The electric aux coolant pump is located on the passenger side near the front right wheel. It's low in the engine bay. You can see it from above, but replacement is from below. Attached is a picture.

The diverter valve is on the driver's side and is accessible from above.

PXL_20250105_193205765.MP.jpg
 






Welcome to the Forum. :wave:
I thought it might be a sticking thermostat, but upon further investigation found that some modern cars now use a coolant control valve regulated by the engine computer.

Peter
 






I too wondered if the engine thermostat could have any effect on this, but the coolant temperature gauge on the dash holds steady once the engine gets up to temp.
 






I too wondered if the engine thermostat could have any effect on this, but the coolant temperature gauge on the dash holds steady once the engine gets up to temp.

The engine guage is severely "dampened" electronically. Check engine temps using a scan tool to reveal what actual temps are.

My F150 (I know, not the Explorer, but I have not watched it as closely here) shows a similar guage position from 165F to 220 F as an example.

We have noted that the Explorer struggles a bit more building and keeping heat in very cold weather (like below -10F) that the one it replaced. Is that the difference between a small 4 cylinder and the V8 in the old one? Or a function of the coolant / transmission fluid heat exchanger trying to keep the transmission fluid hot? (The V8 was has a traditional cooler with a thermostat, but now way to add heat other than what the transmission created itself...)
 






Last night I decided to collect some data on what the engine coolant temperature actually is. I connected a laptop with FORscan and went for a drive on the highway. Outside temperature was about 15°F. Operating temperature on my engine leveled off at 83-85°C (181-185°F). I also monitored the aux coolant pump status and the coolant bypass valve. I noticed a trend that when the bypass valve is 'OFF', I get heat in the cabin. When the bypass valve is 'ON', no heat. It is set to on most of the time.

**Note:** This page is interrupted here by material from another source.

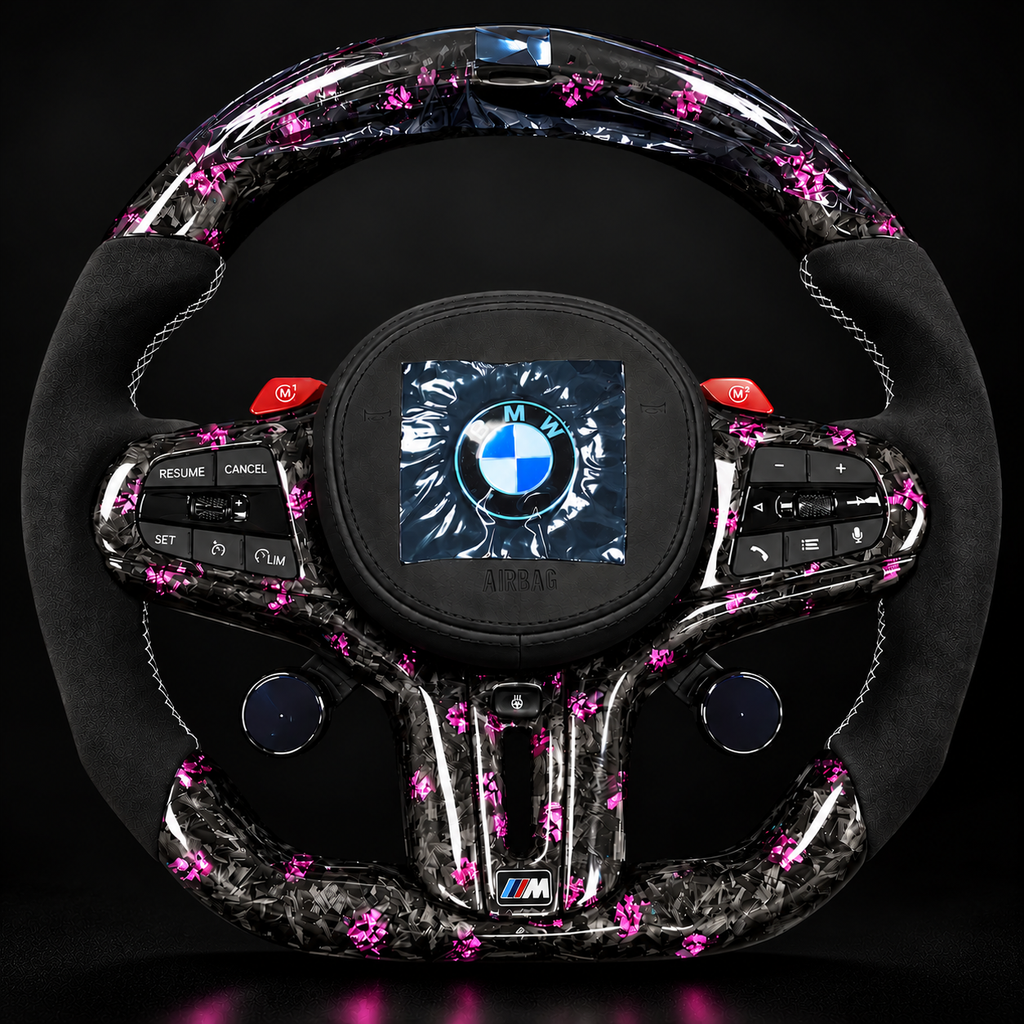 Lime-yellow cross stitching on Alcantara grip of BMW G Series M steering wheel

So I went under the hood and unplugged the cable going to the bypass valve. Heat has been working great since then with several start/stop cycles, some idling, and about 30 miles of driving.

Now I'm wondering how this system is supposed to work? Is the computer controlling the bypass valve backwards, or did the bypass valve get assembled backwards?

PXL_20250108_232400385.MP.jpg
 






Issue resolved - two coolant hoses were connected incorrectly.

The coolant bypass valve is for the transmission heater/cooler. This valve is open when unpowered. Coolant is supposed to flow out a port at the top front of the engine on the passenger side, down to the valve, then back to the transmission.

As for the heater core circuit, coolant comes out of the top back of the engine, through the heater core(s), to the electric pump on the passenger side, and is then supposed to go to a hose with a T that connects to the reservoir and back to the pump inlet.

In my case, the aux pump outlet was connected to the inlet of the valve, which is powered closed most of the time in the winter. Thus the valve was blocking coolant from flowing through the heater core circuit.

Also, the purpose of the electric water pump is for engines with auto start/stop so it can keep hot coolant flowing to the heater core(s) while the engine is off at a red light.